WHAT THE TASK REQUIRES
Consider the listing below. Extract exactly the lines from the line containing "Rower dziecięcy KANDS" to the line containing "The Glitter Fairy", both included.

MATERIAL FOR THIS TASK
◆ ◆ ◆ ◆ ◆

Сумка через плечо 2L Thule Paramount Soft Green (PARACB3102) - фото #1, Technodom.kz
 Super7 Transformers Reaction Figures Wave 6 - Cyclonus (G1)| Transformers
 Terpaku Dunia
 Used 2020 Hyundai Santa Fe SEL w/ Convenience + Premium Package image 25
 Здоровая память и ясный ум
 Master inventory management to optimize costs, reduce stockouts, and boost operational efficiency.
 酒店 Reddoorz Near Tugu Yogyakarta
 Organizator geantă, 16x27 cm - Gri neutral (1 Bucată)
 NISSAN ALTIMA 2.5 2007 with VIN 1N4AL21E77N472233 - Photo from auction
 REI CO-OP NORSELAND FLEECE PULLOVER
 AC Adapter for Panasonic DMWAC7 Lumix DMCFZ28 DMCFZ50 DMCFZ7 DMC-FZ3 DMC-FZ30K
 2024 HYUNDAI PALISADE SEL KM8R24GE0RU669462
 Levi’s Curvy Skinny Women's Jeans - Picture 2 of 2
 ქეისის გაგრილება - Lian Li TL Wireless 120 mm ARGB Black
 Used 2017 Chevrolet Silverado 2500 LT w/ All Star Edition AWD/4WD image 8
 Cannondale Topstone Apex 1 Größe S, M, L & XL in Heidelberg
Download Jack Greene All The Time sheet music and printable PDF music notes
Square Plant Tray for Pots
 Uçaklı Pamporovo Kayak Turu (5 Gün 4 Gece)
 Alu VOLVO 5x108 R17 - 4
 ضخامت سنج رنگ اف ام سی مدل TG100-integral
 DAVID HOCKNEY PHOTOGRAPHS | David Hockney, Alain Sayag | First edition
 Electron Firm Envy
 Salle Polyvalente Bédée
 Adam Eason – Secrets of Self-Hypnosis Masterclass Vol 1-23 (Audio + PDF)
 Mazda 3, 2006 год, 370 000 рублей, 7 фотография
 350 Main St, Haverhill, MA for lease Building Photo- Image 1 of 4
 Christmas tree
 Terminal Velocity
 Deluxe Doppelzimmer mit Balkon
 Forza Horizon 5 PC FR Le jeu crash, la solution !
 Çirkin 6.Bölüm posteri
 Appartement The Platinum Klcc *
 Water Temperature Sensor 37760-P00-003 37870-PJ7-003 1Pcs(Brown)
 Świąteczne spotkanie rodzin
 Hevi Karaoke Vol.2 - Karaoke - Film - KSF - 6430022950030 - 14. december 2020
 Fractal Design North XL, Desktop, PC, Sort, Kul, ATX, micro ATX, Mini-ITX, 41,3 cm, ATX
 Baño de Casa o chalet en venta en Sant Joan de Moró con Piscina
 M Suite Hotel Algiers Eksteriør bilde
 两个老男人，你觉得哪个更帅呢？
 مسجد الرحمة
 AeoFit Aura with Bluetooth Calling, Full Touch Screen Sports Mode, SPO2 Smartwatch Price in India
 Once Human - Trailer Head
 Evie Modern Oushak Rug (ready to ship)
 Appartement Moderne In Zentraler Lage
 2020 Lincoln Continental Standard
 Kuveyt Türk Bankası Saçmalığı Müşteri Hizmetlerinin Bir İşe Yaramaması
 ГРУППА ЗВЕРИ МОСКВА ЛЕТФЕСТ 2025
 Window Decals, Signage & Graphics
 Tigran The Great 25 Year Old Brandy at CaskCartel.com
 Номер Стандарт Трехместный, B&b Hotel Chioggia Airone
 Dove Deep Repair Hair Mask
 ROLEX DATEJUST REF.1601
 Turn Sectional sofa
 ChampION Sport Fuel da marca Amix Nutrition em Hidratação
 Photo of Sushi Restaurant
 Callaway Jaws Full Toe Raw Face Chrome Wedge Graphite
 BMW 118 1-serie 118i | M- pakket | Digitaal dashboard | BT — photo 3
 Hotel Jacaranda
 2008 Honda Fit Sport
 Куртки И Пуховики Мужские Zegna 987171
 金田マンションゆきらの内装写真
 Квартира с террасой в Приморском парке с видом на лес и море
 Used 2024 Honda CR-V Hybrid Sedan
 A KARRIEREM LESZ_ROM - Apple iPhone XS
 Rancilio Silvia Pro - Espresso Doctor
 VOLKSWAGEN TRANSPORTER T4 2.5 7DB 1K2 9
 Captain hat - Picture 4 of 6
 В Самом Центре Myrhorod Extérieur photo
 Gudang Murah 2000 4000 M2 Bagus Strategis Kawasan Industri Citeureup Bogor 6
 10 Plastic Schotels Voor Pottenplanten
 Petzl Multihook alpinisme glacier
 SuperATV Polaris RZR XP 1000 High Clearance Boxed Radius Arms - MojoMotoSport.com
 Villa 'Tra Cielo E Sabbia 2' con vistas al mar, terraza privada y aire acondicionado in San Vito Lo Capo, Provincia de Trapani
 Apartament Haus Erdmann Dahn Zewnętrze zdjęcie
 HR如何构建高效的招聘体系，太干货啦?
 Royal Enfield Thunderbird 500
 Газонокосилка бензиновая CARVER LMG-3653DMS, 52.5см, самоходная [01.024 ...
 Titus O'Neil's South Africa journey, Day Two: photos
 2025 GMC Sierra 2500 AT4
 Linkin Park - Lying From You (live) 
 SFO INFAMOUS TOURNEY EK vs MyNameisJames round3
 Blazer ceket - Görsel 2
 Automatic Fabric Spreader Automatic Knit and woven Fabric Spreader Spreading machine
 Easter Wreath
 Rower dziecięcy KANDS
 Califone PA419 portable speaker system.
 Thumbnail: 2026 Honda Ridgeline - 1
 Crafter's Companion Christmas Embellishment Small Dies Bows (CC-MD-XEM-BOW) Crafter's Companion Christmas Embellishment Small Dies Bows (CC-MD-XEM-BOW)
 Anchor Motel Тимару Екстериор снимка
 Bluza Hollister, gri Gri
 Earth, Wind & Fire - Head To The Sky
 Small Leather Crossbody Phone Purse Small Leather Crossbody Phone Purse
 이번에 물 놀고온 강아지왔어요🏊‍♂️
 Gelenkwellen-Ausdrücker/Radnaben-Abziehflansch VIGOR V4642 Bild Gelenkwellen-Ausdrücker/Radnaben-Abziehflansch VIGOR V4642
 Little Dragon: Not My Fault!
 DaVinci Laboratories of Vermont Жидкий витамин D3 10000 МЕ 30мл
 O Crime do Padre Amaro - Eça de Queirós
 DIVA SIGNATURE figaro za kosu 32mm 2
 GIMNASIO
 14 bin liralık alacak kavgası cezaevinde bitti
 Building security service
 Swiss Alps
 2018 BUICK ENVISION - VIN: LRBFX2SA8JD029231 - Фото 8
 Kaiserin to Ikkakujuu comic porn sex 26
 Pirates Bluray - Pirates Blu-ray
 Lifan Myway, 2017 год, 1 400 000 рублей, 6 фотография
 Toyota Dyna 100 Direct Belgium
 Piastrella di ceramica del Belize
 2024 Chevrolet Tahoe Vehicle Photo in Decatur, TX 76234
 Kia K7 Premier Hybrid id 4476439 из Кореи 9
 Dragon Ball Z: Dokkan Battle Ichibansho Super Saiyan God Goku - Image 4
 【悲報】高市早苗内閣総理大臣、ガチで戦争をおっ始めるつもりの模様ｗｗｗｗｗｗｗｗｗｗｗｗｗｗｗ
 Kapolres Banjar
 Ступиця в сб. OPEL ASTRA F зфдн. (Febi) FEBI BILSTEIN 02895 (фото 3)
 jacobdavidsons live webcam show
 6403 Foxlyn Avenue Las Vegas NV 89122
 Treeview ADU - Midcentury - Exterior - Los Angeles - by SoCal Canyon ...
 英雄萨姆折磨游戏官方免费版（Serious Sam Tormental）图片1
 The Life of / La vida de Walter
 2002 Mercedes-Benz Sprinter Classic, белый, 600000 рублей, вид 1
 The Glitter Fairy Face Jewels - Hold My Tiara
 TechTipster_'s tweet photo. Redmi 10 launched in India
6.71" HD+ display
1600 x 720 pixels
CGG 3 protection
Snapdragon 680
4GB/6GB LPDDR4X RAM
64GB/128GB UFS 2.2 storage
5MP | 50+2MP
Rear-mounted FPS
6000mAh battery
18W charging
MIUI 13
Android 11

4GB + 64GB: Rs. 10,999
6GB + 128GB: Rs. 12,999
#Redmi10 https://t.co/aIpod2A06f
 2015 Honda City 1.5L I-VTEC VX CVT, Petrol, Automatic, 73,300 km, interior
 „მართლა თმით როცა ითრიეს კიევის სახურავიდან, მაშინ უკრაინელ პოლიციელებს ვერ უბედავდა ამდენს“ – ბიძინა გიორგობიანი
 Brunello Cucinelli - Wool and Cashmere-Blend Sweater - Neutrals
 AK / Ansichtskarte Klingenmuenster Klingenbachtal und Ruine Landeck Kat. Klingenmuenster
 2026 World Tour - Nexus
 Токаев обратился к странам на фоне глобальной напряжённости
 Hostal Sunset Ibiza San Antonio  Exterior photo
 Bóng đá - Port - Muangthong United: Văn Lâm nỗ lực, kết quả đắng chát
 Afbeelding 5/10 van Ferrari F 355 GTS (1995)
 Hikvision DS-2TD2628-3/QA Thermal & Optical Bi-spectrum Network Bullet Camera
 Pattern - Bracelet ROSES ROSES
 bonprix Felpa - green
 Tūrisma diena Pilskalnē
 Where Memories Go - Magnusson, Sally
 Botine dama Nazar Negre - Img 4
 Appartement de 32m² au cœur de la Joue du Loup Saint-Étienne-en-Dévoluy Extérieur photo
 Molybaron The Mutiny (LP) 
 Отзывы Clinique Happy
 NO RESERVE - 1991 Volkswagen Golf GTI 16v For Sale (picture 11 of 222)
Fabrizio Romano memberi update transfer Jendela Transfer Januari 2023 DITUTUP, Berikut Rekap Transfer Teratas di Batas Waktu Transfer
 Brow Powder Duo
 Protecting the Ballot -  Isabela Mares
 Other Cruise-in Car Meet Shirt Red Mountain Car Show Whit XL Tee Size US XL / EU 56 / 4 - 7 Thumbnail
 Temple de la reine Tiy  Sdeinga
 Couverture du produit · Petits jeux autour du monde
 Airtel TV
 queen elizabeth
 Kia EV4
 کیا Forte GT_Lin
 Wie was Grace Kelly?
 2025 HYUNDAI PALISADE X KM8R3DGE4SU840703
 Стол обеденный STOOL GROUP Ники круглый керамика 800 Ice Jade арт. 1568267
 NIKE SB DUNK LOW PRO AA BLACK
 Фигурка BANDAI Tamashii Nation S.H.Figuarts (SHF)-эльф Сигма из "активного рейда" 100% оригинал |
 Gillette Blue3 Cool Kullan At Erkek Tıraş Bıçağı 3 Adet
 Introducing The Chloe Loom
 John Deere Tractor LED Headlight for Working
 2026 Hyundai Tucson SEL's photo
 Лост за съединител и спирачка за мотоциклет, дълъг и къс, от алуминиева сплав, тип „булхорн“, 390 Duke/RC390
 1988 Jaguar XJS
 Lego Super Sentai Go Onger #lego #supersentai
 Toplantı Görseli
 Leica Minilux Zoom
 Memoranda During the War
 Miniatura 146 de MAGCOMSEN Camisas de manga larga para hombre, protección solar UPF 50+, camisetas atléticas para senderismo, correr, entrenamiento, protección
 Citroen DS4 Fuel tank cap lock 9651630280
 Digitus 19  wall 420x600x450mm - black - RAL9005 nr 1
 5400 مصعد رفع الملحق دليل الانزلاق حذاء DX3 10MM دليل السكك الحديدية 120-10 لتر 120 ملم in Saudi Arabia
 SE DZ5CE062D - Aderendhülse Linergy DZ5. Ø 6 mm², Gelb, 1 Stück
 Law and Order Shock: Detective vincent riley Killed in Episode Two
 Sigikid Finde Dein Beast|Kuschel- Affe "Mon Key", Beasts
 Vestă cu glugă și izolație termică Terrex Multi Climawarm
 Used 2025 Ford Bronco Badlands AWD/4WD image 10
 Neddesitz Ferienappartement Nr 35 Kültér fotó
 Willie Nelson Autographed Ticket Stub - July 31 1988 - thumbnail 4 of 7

◆ ◆ ◆ ◆ ◆

ANSWER TO THIS PROBLEM
 Rower dziecięcy KANDS
 Califone PA419 portable speaker system.
 Thumbnail: 2026 Honda Ridgeline - 1
 Crafter's Companion Christmas Embellishment Small Dies Bows (CC-MD-XEM-BOW) Crafter's Companion Christmas Embellishment Small Dies Bows (CC-MD-XEM-BOW)
 Anchor Motel Тимару Екстериор снимка
 Bluza Hollister, gri Gri
 Earth, Wind & Fire - Head To The Sky
 Small Leather Crossbody Phone Purse Small Leather Crossbody Phone Purse
 이번에 물 놀고온 강아지왔어요🏊‍♂️
 Gelenkwellen-Ausdrücker/Radnaben-Abziehflansch VIGOR V4642 Bild Gelenkwellen-Ausdrücker/Radnaben-Abziehflansch VIGOR V4642
 Little Dragon: Not My Fault!
 DaVinci Laboratories of Vermont Жидкий витамин D3 10000 МЕ 30мл
 O Crime do Padre Amaro - Eça de Queirós
 DIVA SIGNATURE figaro za kosu 32mm 2
 GIMNASIO
 14 bin liralık alacak kavgası cezaevinde bitti
 Building security service
 Swiss Alps
 2018 BUICK ENVISION - VIN: LRBFX2SA8JD029231 - Фото 8
 Kaiserin to Ikkakujuu comic porn sex 26
 Pirates Bluray - Pirates Blu-ray
 Lifan Myway, 2017 год, 1 400 000 рублей, 6 фотография
 Toyota Dyna 100 Direct Belgium
 Piastrella di ceramica del Belize
 2024 Chevrolet Tahoe Vehicle Photo in Decatur, TX 76234
 Kia K7 Premier Hybrid id 4476439 из Кореи 9
 Dragon Ball Z: Dokkan Battle Ichibansho Super Saiyan God Goku - Image 4
 【悲報】高市早苗内閣総理大臣、ガチで戦争をおっ始めるつもりの模様ｗｗｗｗｗｗｗｗｗｗｗｗｗｗｗ
 Kapolres Banjar
 Ступиця в сб. OPEL ASTRA F зфдн. (Febi) FEBI BILSTEIN 02895 (фото 3)
 jacobdavidsons live webcam show
 6403 Foxlyn Avenue Las Vegas NV 89122
 Treeview ADU - Midcentury - Exterior - Los Angeles - by SoCal Canyon ...
 英雄萨姆折磨游戏官方免费版（Serious Sam Tormental）图片1
 The Life of / La vida de Walter
 2002 Mercedes-Benz Sprinter Classic, белый, 600000 рублей, вид 1
 The Glitter Fairy Face Jewels - Hold My Tiara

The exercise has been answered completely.